> [WORK INSTRUCTIONS]:
Will you write out, word for word, every line from the one with "دانشگاه شریف: دانشجویان" to the final line of the data below, with the pictures left out?

> [Items from a data source]:
:::::

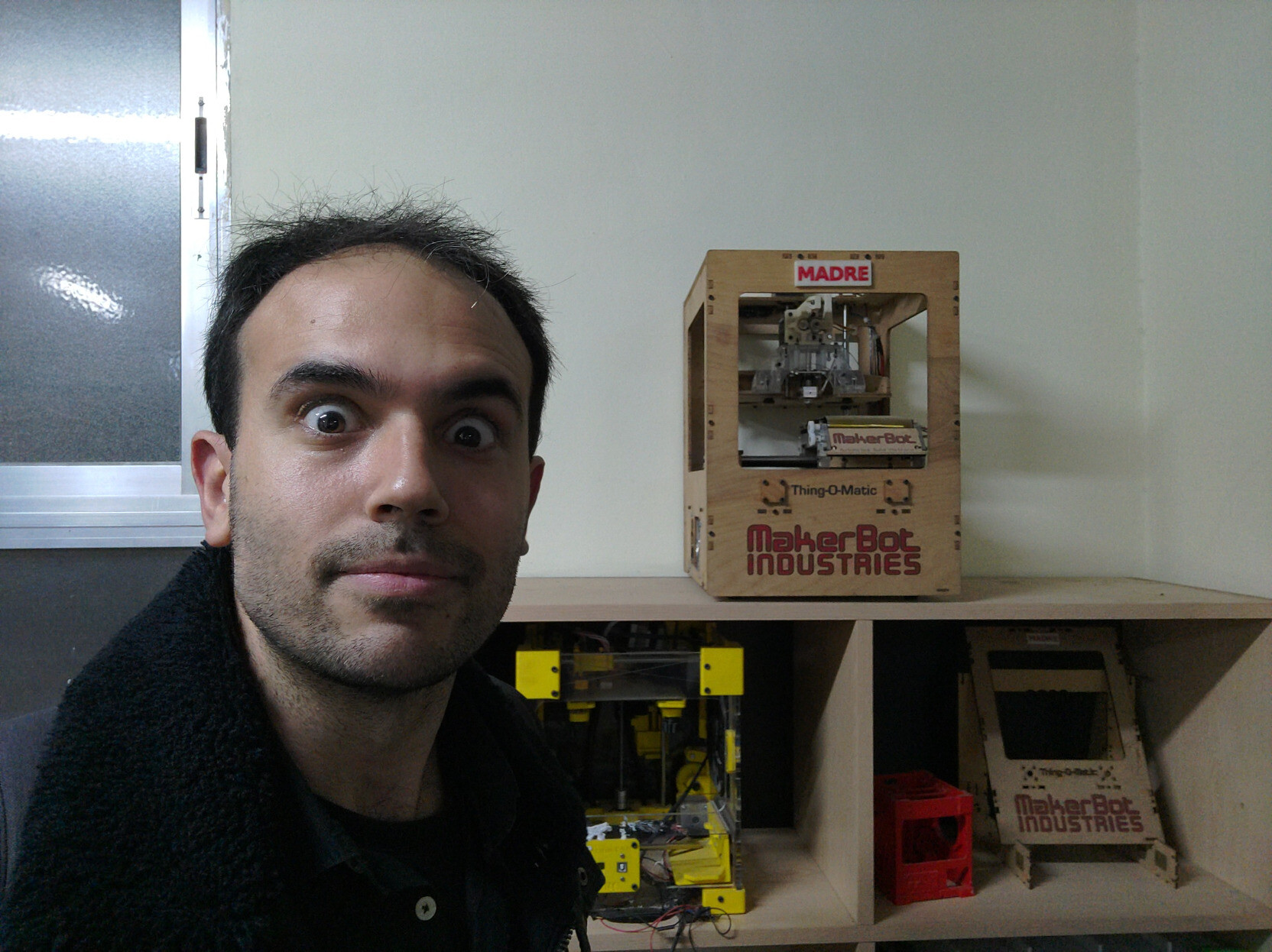 Selfie de Juan Luis con una impresora 3D de MakerBot Industries llamada "Madre"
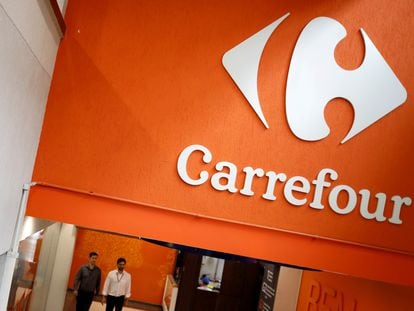 Logotipo do Carrefour em um supermercado de São Paulo.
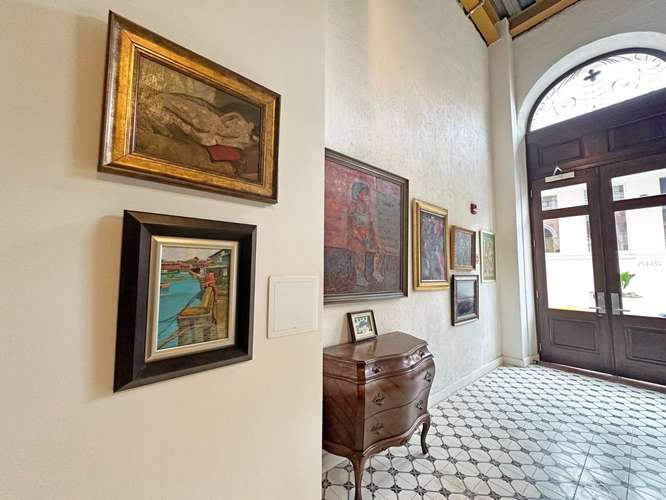 Exclusividad Comercial en el Corazón del Casco Antiguo  - Imagen 2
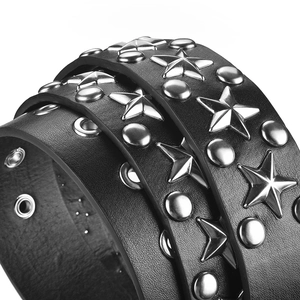 Vue macro détaillée d'une ceinture punk noire avec rivets en étoile et œillets en métal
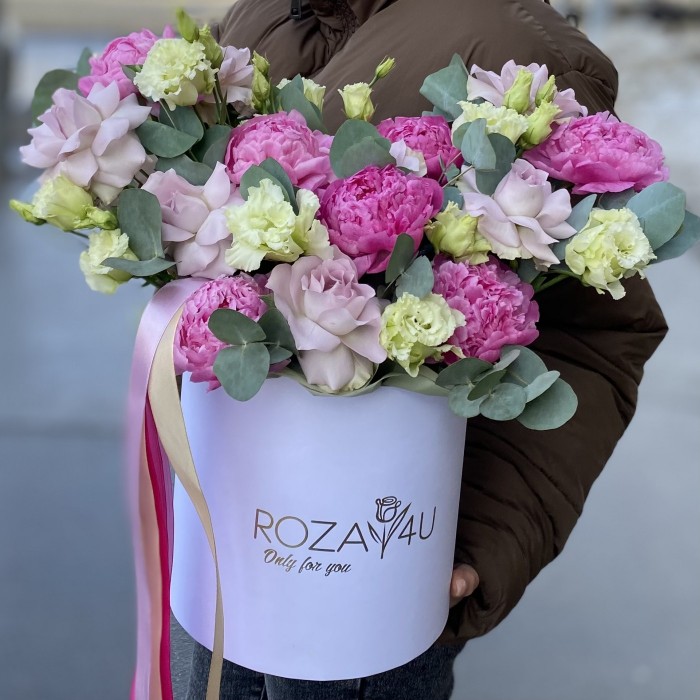 Композиция с пионами и розами Подарок лета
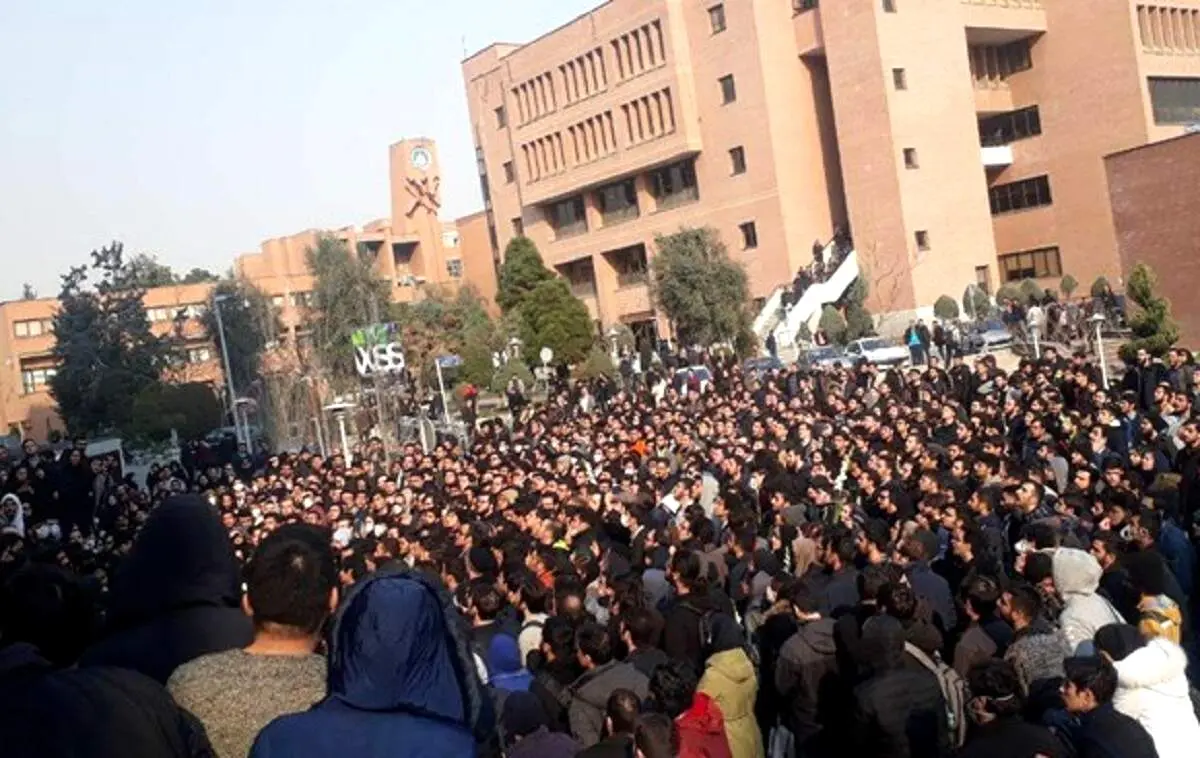 دانشگاه شریف: دانشجویان را از خوابگاه محروم نکردیم پیامک عدم حضور دادیم!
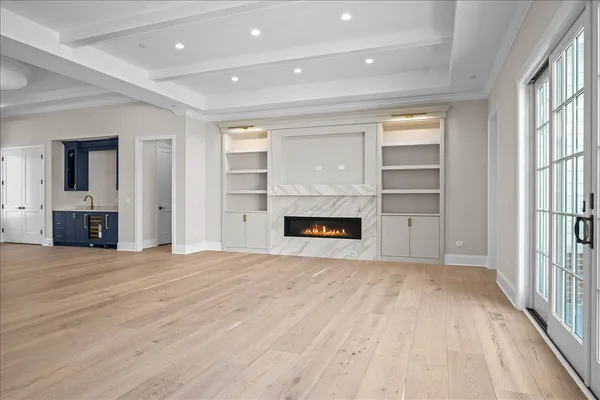 $3,050,000 | 270 Majestic Oak Court, Lake Forest, IL 60045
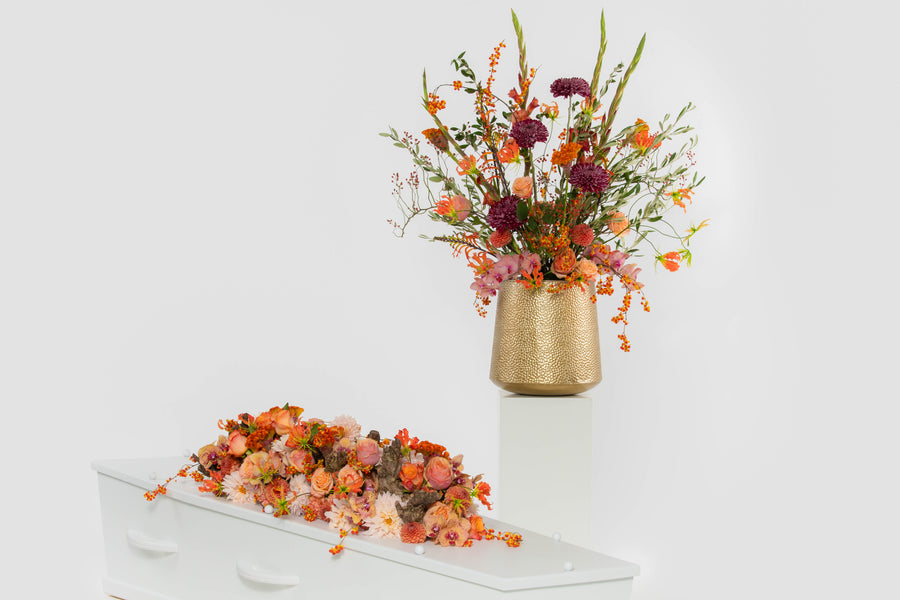 Opstelling rouwbloemen in het seizoen herfst. Kiststuk met bijpassende vaas.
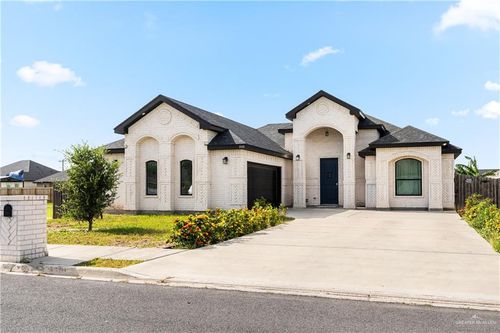 808 Juan Seguin St, Weslaco, TX, 78599-1567 | Card Image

:::::

> [RESULT OF THIS EXERCISE]:
 دانشگاه شریف: دانشجویان را از خوابگاه محروم نکردیم پیامک عدم حضور دادیم!
 $3,050,000 | 270 Majestic Oak Court, Lake Forest, IL 60045
 Opstelling rouwbloemen in het seizoen herfst. Kiststuk met bijpassende vaas.
 808 Juan Seguin St, Weslaco, TX, 78599-1567 | Card Image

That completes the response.